Un jeune arbre vigoureux s’ébroue tout en étirant une branche vers moi. Il souhaite probablement poursuivre la conversation entamée avec Sarenhes. J’hésite. Je ne voudrais pas l’affaiblir, d’autant plus que les autres ne pourront pas l’aider, cette fois. Il insiste. J’ai du mal à résister, je suis curieux d’en savoir plus. Ce que je viens d’apprendre n’a fait que m’ouvrir l’appétit, et maintenant, je suis insatiable. Et puis celui-là me plaît bien. Je ne sais pas, il a un petit quelque chose en plus. D’instinct, je dirais que c’est son aura qui m’attire.

Formaté par mes contacts avec les équidés, je lui parle en le rejoignant, pour le rassurer, lui ouvrir mon esprit avant qu’il ne puisse directement y accéder. Je ne ressens plus aucune appréhension lorsque j’arrive à sa hauteur, et c’est presque avec tendresse que je pose mes doigts sur lui.

Je ne suis pas submergé, cette fois, il se contente de m’adresser quelques mots :

— Révéler… Mage ultime…

— Je… je ne comprends pas… Qui est ce Mage ultime ? Ne me dis pas que c’est moi ?

— Tu dois… trouver… Mage ultime… résonne-t-il en moi.
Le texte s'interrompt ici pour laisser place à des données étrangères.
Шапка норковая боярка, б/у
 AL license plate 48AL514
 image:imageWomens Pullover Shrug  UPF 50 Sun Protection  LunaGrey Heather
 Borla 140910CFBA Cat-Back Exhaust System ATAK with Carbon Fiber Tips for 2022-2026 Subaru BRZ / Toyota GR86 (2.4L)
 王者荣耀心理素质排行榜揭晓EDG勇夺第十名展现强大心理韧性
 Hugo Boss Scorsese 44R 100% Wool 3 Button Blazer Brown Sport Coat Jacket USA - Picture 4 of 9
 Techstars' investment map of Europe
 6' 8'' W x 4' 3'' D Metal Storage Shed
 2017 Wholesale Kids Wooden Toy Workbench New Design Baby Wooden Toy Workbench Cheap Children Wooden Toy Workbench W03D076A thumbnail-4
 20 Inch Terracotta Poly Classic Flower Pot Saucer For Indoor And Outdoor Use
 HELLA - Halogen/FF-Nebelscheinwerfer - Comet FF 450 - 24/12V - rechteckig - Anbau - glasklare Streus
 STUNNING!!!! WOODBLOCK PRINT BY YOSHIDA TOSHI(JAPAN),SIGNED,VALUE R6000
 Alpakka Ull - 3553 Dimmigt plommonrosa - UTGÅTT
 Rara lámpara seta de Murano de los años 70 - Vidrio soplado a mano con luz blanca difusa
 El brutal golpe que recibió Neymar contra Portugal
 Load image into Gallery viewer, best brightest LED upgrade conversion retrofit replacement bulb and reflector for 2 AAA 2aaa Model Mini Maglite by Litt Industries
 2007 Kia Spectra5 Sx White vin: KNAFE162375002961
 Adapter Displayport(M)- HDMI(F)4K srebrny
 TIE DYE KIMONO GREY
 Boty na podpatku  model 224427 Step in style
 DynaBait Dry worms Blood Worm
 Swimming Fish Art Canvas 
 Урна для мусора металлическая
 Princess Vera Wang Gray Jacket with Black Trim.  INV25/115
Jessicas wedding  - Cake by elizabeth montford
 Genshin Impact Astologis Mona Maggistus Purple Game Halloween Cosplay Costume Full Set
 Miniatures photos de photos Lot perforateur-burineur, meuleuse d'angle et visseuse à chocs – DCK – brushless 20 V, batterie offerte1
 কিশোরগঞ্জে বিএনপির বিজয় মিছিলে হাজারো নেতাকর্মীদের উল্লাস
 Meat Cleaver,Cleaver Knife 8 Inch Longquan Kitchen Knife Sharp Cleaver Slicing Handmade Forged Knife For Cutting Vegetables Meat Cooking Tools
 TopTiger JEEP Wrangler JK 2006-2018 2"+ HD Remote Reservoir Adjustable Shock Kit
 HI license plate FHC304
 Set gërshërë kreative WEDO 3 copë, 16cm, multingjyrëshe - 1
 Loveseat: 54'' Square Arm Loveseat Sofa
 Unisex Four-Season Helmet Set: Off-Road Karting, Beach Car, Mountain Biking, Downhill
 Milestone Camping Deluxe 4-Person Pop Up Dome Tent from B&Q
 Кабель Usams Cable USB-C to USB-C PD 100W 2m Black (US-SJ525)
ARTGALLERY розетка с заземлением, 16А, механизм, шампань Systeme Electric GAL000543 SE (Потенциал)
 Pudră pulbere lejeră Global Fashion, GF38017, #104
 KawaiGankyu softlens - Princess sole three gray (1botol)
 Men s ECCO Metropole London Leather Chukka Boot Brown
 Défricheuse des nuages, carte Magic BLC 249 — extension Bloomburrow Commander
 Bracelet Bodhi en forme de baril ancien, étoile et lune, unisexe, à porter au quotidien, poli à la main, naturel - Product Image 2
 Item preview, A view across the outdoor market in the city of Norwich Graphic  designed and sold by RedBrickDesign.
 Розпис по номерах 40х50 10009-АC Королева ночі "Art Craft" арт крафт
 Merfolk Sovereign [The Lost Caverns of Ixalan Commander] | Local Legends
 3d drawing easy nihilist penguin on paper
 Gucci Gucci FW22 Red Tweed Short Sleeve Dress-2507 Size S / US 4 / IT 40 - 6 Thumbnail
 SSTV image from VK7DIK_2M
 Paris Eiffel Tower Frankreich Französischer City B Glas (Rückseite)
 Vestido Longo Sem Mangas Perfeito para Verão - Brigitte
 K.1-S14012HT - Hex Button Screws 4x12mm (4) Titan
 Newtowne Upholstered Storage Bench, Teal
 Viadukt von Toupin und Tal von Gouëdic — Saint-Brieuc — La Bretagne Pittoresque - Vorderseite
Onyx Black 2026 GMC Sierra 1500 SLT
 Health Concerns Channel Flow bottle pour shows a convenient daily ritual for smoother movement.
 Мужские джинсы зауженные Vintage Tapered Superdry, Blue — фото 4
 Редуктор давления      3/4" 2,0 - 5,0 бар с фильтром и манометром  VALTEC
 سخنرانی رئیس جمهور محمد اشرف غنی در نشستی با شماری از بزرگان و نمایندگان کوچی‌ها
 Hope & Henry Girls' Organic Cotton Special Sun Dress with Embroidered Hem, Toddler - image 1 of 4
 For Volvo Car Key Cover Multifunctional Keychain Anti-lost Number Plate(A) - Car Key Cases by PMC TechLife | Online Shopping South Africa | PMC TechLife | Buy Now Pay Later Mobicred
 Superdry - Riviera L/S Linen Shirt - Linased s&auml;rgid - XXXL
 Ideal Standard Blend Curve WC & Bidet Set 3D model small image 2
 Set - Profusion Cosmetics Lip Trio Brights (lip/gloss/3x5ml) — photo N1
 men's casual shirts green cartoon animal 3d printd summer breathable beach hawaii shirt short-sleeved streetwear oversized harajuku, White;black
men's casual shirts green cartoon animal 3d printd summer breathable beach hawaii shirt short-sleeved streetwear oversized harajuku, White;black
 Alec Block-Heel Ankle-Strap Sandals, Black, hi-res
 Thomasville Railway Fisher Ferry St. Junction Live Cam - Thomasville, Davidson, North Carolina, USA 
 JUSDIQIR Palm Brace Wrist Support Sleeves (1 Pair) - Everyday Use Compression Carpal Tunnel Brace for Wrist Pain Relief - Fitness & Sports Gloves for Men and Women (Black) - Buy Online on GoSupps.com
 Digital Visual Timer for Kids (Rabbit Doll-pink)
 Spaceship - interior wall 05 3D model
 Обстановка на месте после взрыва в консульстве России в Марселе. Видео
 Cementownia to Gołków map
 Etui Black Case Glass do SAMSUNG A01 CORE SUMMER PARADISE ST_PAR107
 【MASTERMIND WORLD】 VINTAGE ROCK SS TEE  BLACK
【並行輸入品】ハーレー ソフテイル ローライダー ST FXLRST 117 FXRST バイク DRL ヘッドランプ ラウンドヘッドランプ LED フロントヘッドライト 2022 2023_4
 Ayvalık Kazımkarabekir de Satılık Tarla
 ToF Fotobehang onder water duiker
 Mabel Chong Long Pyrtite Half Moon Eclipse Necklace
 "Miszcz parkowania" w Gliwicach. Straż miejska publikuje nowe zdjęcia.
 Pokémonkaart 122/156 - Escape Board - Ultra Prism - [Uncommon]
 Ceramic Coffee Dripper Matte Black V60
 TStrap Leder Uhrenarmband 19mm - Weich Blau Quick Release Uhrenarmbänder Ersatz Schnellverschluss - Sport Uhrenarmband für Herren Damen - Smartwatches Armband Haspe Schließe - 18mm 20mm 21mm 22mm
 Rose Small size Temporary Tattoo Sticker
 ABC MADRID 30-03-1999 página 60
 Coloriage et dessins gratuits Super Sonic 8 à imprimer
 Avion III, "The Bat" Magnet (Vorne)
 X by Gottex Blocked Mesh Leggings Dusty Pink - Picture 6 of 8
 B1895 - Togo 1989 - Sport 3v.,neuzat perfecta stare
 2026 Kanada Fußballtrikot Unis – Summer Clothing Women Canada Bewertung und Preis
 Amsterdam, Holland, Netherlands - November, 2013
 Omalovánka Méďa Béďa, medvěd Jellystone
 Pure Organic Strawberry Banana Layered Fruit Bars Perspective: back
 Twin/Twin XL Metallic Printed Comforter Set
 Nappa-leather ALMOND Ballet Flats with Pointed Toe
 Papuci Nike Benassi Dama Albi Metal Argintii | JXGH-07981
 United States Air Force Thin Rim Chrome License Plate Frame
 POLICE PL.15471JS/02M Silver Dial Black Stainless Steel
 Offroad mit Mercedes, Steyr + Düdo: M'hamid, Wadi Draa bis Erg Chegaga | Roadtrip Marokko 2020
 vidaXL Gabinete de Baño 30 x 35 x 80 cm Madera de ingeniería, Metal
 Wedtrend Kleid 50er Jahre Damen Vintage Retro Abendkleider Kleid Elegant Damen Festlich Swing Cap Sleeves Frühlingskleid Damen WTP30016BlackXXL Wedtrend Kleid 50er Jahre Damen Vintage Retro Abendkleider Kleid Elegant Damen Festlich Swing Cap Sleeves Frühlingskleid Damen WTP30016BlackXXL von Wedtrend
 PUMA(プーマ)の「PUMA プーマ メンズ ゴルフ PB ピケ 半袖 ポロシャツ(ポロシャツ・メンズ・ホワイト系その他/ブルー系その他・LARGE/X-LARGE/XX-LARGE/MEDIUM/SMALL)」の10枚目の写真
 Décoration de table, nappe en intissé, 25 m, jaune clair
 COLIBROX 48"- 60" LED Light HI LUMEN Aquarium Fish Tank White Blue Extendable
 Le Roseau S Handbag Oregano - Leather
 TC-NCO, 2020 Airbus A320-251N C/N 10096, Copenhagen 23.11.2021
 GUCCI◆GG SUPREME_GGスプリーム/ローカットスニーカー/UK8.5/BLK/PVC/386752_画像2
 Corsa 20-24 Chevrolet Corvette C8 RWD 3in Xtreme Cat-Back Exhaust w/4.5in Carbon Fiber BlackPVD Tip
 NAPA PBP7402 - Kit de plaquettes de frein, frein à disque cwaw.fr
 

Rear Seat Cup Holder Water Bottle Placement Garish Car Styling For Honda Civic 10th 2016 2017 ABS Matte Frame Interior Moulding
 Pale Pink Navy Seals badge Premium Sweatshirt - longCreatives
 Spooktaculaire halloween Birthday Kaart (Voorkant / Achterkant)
Il ajoute, à bout de souffle :

— Révéler…

Le contact entre nous est soudain interrompu. Cela a dû constituer un effort « surarbre » pour lui. Je renonce donc à formuler d’autres questions. Mais ce n’est pas clair du tout. En fait, ça l’est encore moins qu’il y a quelques minutes.

Qui est ce Mage ?

Et comment le retrouver ?

Où faut-il commencer à le chercher ?

 

 

 

[1] Beth Moon est une photographe qui s’est fixé pour mission, en 1999, de réunir des informations sur les arbres ancestraux. Elle a publié un recueil de photos en 2014, intitulé Ancient Trees : Portraits of Time.